I’d also like to take some bass lessons this year. Outside of the pleasure I
get from playing the guitar I just love sitting in with other people playing the
bass. I have got it covered. I’ve already got a double bass, a fretless
electric, a fretted acoustic bass, and I am going to get a fretted electric
bass. If you look at the website you will see a picture of Danny Thompson and I
this summer having a plonk outside with the bass playing each others songs from
the old days which was really nice.
Mainly
it is an amazing feeling of lightness that I haven’t got dates in my diary
knowing that I’ll probably be able to have another day somewhere and just see
what comes.
“Have you put down any tracks for the autobiography CD yet and have you any new songs for that?”
Yes I
have, I have written one which I’m really pleased with called “As
Far As I Can Tell .” It is a play on words-it’s about time, distance, and
memory. I composed it on the mandolin and it is going to open the book-the words
will open volume two and the tune will open the album. Sam and I made huge
strides on it during the summer but Sam’s own work has taken over recently so
it remains unmixed which is a dangerous in a way because it does mean that I
probably will want to start re-recording some of the songs. Obviously songs like
Daddy’s
Here, Mr Connaughton, All Things Change, and In Some Way I Loved You are in there. It was played on just guitar and piano at home
so it needs mixing and errors in reading need cutting and tightening. I am
thinking of taking it to Mark Tucker’s studio in Devon and having him “nip
and tuck” it together. That might be something that will come out in the New
Year.
“I love the way you can play several instruments as well as provide backing vocals single handily on some tracks. A few years ago I remember Lay Your Money Down and more recently Hard Travelling. Does this happen spontaneously or do you plan this in advance?”
I
suppose I think what could I put on it which is not going to obscure the track
and it is really realising your limitations. I think I said to you the other day
when we were talking about the harmonica don’t try to be Larry Adler or Bob
Dylan or Sonny Terry. Use chords to tighten things up. Let it off there, add a
couple of notes there and don’t play there. I think often I have a clear
vision what I want than I can get from another musician. With other musicians
you have to bring them into your frame of reference. If you say to a guy
improvise over this there are very few who will do it the way you want. The
exception would be Maartin Alcock who is an absolute bloody genius and can play
you anything at all. I think sometimes my limitations make me concentrate more
on the harmony aspect than actual virtuoso playing so that with something like
Lay Your Money Down the bass is my acoustic Harmony Sovereign guitar up close on
the sound hole and the wooden Indian flute that I bought from an Oxfam shop.
Six
notes were alright-the seventh and the eighth which had the octave were like an
Indian scale so I could only use the notes I could play in tune so I had to make
my solo on six notes. My mandolin playing is extremely dire so I made sure it
was in a key that I could handle and I found a couple of chords and you can hint
at things by just changing the rhythm.
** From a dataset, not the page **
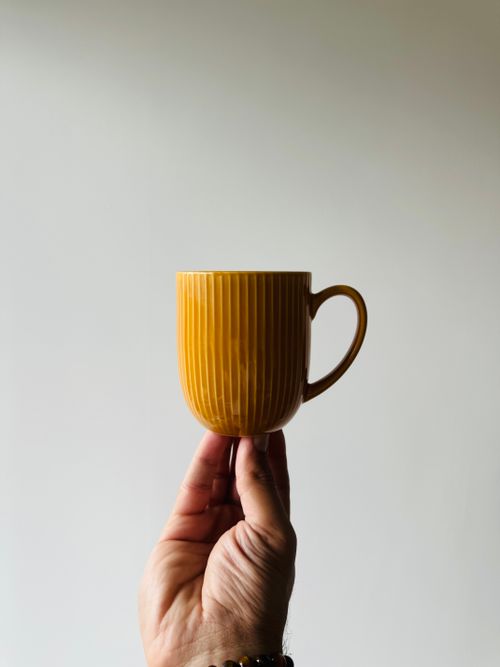 Free A minimalist photo of a yellow mug held by a hand against a neutral background. Stock Photo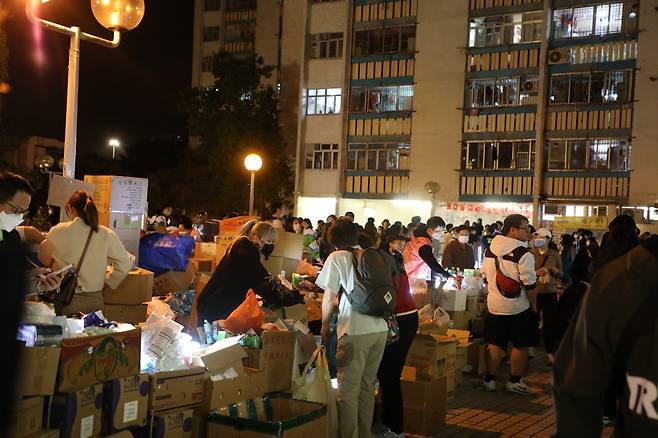 화재 발생한 '웡 푹 코트'(Wang Fuk Court) 인근에 모인 자원봉사자들 27일 오후 11시께 홍콩 북부 타이포의 고층 아파트 단지 '웡푹 코트'(Wang Fuk Court) 인근에서 자원봉사자들이 구호 물품을 나눠주는 모습.[촬영 박수현]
So I’m a bit of a Jack of all trades.
“And
the backing vocals? The Red Sky Album with Chris While and Julie Matthews and
also your own ability to harmonise-is that something which comes naturally or do
you have to work on that?”
You
have to work on that. When there is music playing have the confidence to sing
along with it and if you cannot reach up above drop down and see if you can do a
bass line on it. My favourite backing vocals are on Mr
Connaughton and you
can hardly hear them. Martin Levan mixed that one (a lovely man who has just
come out of the woodwork again). There is a really strange one that comes out on
Candyman
where I add a voice each time a verse goes through. Some of the blues players
though wouldn’t like it at all. I love that- I love harmony singing. Nanna’s
favourite album I think is Right
Side Up because of
Tony Rivers and The Castaways wonderful vocals. The girls you mention Chris and
Julie are gifted. They have a fantastic knowledge of the way black girls sing or
folkies sing together. They sat in the studio and it was like watching a great
keyboard singer because they had listened to the songs in the car coming down
and had come up with ideas. And I’d watch them deciding and it was all things
I would never have thought of. I didn’t tell them to anything they were so
imaginative. Icarus
was marvellous and I love the vocals on Fin-
where that came from I do not know it is just perfect and I am in awe of them.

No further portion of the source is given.